KISSIMMEE, Fla. — Chipper Jones was lingering beyond the left-field wall, signing as many autographs as he could, when someone asked the obvious question.
“Do you miss it yet?”
Jones was quick with a reply.
“No,” he said, “not too much.”
Jones has reported to camp with the Atlanta Braves, but don’t get too excited about seeing No. 10 in that familiar uniform. There are no plans for a comeback. If anything, he’s surprised at just how little he misses the game that was such a big part of his life.
He’s kept himself more than busy, from starting up business ventures to running his ranch, from a new romantic relationship to spending time with his kids, from working the banquet circuit to enjoying the solitude of hunting.
“I’m having fun,” Jones said Sunday. “It’s kept my mind off things pretty much. I thought this week would probably be a little more difficult than it has been. But, you know, I really haven’t had the urge to put the uniform on again.”
“That,” he went on, “let’s me know I made the right decision. I had my time. Now, it’s their time.”
Jones will be suiting up until Wednesday, helping out the only major league team he ever played for as a special instructor. He still believes he has something to offer, but cringed at all the former teammates jokingly calling him “coach.”

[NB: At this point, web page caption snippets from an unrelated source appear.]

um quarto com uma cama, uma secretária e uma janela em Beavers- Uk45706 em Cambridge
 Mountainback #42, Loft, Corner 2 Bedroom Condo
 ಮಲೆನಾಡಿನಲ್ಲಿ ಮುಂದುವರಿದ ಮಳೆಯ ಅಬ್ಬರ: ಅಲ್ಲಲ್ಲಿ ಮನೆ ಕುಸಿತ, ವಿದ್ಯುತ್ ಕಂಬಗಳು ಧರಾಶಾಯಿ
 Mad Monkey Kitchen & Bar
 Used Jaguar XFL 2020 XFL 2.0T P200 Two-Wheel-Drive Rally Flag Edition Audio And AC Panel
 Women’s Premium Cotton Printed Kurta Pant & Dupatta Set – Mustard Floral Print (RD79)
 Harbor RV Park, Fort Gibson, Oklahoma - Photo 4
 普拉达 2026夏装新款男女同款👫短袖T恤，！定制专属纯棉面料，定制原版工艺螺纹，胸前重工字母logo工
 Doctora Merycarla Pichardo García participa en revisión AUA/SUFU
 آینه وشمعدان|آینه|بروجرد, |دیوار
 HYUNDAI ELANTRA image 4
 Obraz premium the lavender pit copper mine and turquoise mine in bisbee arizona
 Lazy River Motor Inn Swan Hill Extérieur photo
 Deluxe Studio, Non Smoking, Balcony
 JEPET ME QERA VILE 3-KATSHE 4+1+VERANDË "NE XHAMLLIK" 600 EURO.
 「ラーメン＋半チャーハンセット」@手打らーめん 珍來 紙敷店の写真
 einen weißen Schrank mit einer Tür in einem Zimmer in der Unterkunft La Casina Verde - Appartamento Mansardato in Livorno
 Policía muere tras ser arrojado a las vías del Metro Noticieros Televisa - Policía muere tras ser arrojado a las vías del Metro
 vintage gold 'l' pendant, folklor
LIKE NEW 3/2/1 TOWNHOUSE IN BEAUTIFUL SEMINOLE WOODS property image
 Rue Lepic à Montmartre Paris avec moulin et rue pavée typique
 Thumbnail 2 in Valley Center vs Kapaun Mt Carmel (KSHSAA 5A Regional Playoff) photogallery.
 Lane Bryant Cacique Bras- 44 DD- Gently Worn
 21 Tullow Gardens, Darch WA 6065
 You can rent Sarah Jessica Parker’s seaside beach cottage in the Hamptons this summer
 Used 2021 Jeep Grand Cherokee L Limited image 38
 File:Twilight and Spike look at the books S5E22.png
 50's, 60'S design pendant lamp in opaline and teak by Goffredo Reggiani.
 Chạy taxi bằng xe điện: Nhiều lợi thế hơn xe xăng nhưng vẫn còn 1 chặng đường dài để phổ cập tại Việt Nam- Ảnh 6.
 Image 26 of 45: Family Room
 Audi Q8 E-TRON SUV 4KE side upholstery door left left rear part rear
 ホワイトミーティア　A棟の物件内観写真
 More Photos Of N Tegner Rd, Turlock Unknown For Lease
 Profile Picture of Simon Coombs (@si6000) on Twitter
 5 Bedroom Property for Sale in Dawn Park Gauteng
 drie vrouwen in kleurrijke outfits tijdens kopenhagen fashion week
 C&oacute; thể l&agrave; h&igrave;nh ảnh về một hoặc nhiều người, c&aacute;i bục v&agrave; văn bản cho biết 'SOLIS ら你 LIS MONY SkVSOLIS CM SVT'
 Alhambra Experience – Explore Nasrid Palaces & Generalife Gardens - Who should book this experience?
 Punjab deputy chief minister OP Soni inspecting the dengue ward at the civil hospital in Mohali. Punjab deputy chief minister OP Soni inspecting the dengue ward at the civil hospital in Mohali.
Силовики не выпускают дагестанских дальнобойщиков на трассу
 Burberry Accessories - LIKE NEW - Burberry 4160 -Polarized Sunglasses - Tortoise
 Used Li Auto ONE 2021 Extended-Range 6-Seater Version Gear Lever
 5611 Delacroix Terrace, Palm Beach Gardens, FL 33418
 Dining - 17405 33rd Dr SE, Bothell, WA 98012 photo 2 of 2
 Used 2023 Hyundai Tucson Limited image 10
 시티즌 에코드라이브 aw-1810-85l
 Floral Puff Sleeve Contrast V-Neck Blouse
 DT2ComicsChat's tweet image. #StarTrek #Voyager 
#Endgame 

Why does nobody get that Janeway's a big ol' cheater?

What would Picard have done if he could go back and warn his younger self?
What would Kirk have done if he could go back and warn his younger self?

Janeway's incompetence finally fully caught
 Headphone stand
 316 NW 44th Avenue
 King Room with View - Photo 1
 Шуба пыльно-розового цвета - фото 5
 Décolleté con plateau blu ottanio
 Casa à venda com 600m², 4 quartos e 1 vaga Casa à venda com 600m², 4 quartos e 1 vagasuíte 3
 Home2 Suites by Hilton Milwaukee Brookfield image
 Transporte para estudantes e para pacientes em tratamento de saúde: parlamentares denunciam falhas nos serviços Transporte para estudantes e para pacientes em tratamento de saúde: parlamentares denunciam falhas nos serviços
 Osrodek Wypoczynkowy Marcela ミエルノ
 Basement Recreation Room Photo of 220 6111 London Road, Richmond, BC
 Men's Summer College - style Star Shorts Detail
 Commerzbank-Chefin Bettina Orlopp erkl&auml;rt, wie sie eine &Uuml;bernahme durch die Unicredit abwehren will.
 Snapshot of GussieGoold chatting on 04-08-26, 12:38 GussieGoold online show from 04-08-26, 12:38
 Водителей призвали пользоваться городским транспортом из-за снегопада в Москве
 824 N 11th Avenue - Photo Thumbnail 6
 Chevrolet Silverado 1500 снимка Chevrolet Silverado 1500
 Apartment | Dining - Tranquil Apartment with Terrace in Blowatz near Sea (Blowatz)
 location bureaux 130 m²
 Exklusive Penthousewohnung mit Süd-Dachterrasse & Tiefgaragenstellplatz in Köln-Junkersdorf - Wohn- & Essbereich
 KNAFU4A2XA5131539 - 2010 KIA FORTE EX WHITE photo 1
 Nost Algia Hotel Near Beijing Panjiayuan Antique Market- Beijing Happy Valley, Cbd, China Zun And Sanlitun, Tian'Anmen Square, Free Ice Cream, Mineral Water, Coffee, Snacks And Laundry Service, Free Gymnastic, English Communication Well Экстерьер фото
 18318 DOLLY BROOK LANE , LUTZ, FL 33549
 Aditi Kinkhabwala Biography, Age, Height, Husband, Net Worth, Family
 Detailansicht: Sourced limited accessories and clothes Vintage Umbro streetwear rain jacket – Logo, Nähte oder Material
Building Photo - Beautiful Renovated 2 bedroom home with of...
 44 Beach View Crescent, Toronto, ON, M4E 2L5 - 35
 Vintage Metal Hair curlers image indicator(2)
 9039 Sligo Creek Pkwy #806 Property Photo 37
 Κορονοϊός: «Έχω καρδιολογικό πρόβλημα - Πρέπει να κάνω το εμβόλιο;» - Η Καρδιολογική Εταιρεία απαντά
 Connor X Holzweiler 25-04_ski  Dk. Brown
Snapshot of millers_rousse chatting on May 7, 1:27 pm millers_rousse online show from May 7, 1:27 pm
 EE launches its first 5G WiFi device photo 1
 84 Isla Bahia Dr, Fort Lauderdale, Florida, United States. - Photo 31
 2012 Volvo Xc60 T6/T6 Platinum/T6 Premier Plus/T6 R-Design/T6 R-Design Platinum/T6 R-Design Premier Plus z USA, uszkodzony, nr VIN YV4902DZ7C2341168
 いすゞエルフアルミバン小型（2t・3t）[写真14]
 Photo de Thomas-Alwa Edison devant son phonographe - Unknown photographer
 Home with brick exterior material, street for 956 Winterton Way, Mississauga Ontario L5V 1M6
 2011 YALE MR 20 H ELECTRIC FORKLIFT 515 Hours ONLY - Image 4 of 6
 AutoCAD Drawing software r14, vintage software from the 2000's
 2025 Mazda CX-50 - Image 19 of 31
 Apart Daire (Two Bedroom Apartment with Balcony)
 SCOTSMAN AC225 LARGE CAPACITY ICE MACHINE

“I wouldn’t really say I’m a coach,” Jones said, even as someone else walked by and shouted it at him. “I’m more of a … well, I don’t know what you would call me.”
He still fits right in.
When Jason Heyward and Justin Upton walked into the batting cages, Jones shouted, “All right, here come the big dogs!” A short time later, the 40-year-old plopped down on a bench next to Heyward, chatting up the outfielder.
“They’ve got to schedule a day to retire your jersey,” Heyward said, breaking into a big smile. “It better not be one of those getaway night games.”
“Don’t worry,” Jones replied. “We’re gonna keep it short and sweet.”
While the retired third baseman has no desire to get into full-time coaching at this point, he vowed to remain a handy resource should anyone on the Braves need him. He’s always welcome to come around, manager Fredi Gonzalez said, mindful of the leadership role Jones had as a player.
“I still want these guys to succeed,” Jones said. “If I can give them a little nugget here and there to help them, I’m going to do it.”
But, tellingly, he now refers to the Braves as “they” instead of “we.”
He really is retired, and it’s going to stay that way. He had not thrown a ball until he tossed out the ceremonial first pitch for a game at Stetson University on Saturday. While he carried around a fungo bat during Sunday’s workout, he hasn’t actually taken a swing since his final game, a playoff loss to the Cardinals.
“I’m sure these guys are going to egg me on at some point,” Jones said. “But I think my back would break if I took a somewhat competitive swing.”
Pitcher Kris Medlen is still getting used to the idea that Jones is no longer a teammate.
“It’s weird,” Medlen said, shaking his head. “Coach Jones. Hmm.”
Coming off that all-too-brief appearance in the playoffs as a wild-card team — with a throwing error by Jones contributing heavily to the loss — the Braves made a couple of dramatic moves to replace the offensive production that No. 10 provided with such regularity over his 20-plus-year career.
First, they signed B.J. Upton as a free agent for essentially the same money Jones was receiving. Then, they pulled off a blockbuster deal with Arizona to land B.J.’s younger brother, Justin.
It’s early, but Jones likes what he sees.
“They certainly made some sexy moves,” he said. “When this team is going well, it’s going to be an exciting team to watch. Certainly, the three guys in the outfield (Upton, Upton and Heyward) are as dynamic as anybody else’s threesome in baseball.”
That said, Jones is not ready to proclaim the Braves the team to beat in the NL East, not until they prove they can knock off defending champ Washington. And, for all the attention focused on offense-bolstering moves, he figures their success will largely be determined by the pitching staff — mainly, can a rotation led by Kris Medlen and Tim Hudson hand off leads to the bullpen, one of the deepest, most dominant units in the game?
“The Braves have the ability to shorten games,” Jones said. “If they have the lead after seven innings, I certainly like the Braves’ chances of winning a lot of ballgames.”
When Jones headed out to the batting cages, the fans recognized him instantly — even though he was bundled up in a jacket on the unseasonably cold day (temperatures were in the 40s) and his eyes were hidden behind a pair of white-framed sunglasses.
He watched the guys who will try to replace him, then hung around to sign cards, bats and pictures, chatting with folks who still view him as the face of the franchise.
“Are you going to take a few swings,” one of them asked.
“I’m going to leave that to the hired help,” Jones said, drawing plenty of chuckles.
Someone else broached a subject that’s closer to his heart these days.
“How’s the hunting going?” a man asked.
“Goooood!” Jones replied, his voice rising with excitement. “I could turn pro in hunting.”